Walk into any yarn trading office in Surat, Tirupur, or Ludhiana and ask about stretch yarn you will get four names thrown back almost immediately: Lycra®, T-800, T-400, and increasingly, Mestre®. These four products represent different technological approaches to the same problem: how do you add stretch to a fabric while maintaining comfort, durability, and appearance?
This article breaks down all four honestly and technically so you can make an informed purchasing decision for your specific fabric and application.
The Fundamental Difference: Elastane vs Bicomponent
Before comparing individual products, understand the two fundamentally different ways stretch is created in yarn.
Chemical stretch (elastane): Lycra®, T-800, and T-400 are based on elastane a polyurethane synthetic that behaves like a rubber band at the fibre level.

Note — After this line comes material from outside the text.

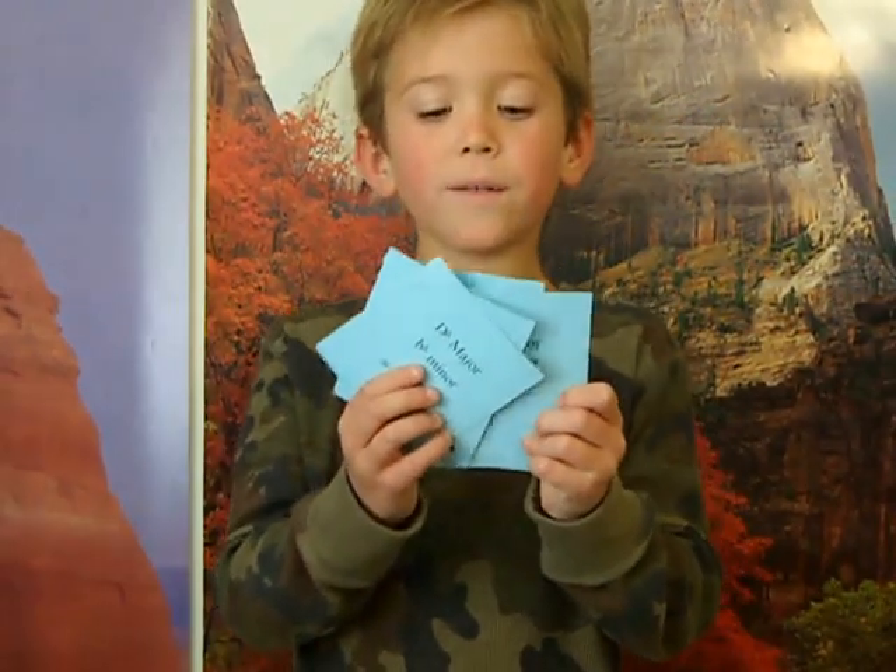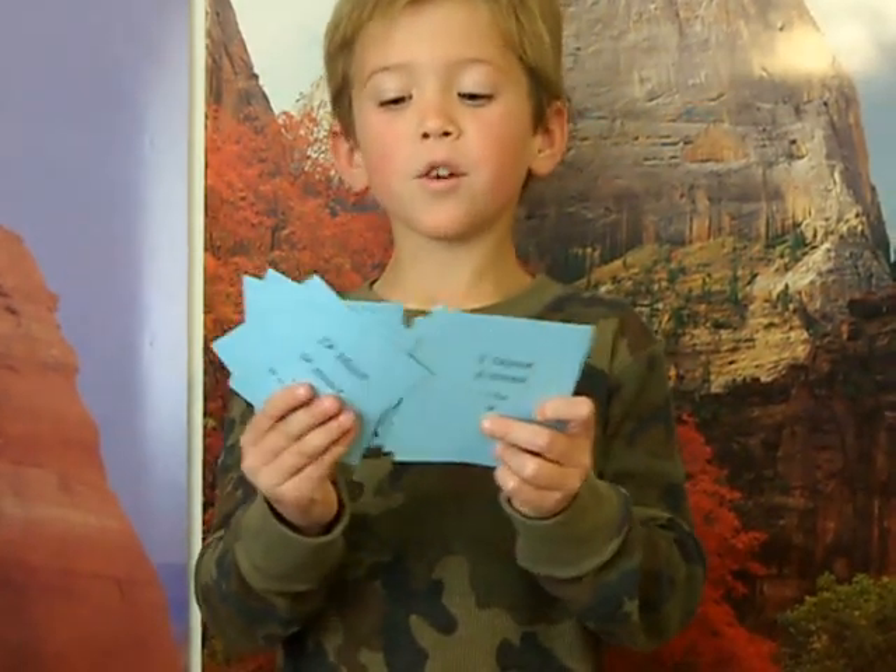This is the key of A-flat Major, F minor, 4 flats: B-flat, E-flat, A-flat, D-flat.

The polyurethane chains uncoil under stretch and snap back on release. This is powerful, but polyurethane degrades over time through washing, heat, chlorine, and UV light.
Mechanical stretch (bicomponent): Mestre® creates stretch through a three-dimensional coil crimp like a tiny spring embedded in the fibre through co-extrusion. The coil straightens under tension and returns to its coiled state on release. No rubber, no polyurethane. The stretch mechanism is permanent and does not degrade.
This is the most important distinction in the entire comparison. Everything else follows from it.
What is Lycra®?
Lycra® is Invista’s (formerly DuPont’s) trademarked brand name for elastane also called spandex in North America. It has been the industry default for stretch fabric since the 1960s, used at 2–10% content in blended fabrics.
Strengths:
- Extremely high elongation (up to 600%)
- Rapid, powerful recovery when fresh
- Very fine deniers available for lightweight fabrics
- Universally understood by manufacturers and consumers
- Brand recognition “Lycra” as a selling point on garment labels
Limitations:
- Degrades with repeated washing, chlorine exposure, and heat fabrics bag and lose recovery
- Cannot be dyed at the yarn stage must be dyed in fabric
- Entirely imported into India USD pricing, import duties, long lead times
- Poor resistance to perspiration and body oils
- Difficult to recycle in end-of-life garments
What are T-800 and T-400 by Invista?
T-400 and T-800 are bicomponent stretch yarns from Invista not elastane. They are made from two different polymers (PET and PTT) co-extruded to create a coil crimp structure. This makes them mechanically more similar to Mestre® than to Lycra®.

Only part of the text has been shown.